Records contained in a dataset:
_ _ _

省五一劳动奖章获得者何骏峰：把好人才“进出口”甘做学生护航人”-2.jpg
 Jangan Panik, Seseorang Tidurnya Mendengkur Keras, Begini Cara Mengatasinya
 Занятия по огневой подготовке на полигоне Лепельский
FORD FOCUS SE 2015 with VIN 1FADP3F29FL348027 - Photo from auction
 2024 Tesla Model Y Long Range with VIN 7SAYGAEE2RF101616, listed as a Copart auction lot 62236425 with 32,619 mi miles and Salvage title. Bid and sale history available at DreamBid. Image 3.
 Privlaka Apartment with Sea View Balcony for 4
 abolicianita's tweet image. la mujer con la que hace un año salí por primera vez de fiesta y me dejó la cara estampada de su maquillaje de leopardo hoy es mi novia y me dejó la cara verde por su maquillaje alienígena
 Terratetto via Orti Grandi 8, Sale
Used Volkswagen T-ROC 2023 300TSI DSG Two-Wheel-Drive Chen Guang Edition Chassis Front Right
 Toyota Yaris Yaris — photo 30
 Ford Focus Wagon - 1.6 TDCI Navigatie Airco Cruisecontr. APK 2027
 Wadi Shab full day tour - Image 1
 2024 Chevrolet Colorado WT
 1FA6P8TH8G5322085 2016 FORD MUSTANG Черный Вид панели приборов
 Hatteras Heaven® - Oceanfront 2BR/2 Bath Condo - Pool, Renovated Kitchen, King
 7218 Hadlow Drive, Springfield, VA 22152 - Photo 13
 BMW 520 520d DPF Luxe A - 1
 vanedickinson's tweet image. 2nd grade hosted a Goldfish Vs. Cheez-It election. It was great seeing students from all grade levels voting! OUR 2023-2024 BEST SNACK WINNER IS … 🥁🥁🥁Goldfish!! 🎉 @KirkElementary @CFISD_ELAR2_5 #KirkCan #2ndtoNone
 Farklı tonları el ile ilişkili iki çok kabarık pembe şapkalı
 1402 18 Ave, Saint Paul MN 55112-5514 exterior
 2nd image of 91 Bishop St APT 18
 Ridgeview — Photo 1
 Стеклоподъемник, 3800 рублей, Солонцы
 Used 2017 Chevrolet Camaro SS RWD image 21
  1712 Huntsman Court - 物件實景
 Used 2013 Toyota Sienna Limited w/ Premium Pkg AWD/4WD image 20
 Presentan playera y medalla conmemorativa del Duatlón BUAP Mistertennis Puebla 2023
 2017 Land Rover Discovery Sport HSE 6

_ _ _

_Task:_ Every line from the data above that contains "with" must appear in the answer.

_Solution to the exercise:_
FORD FOCUS SE 2015 with VIN 1FADP3F29FL348027 - Photo from auction
 2024 Tesla Model Y Long Range with VIN 7SAYGAEE2RF101616, listed as a Copart auction lot 62236425 with 32,619 mi miles and Salvage title. Bid and sale history available at DreamBid. Image 3.
 Privlaka Apartment with Sea View Balcony for 4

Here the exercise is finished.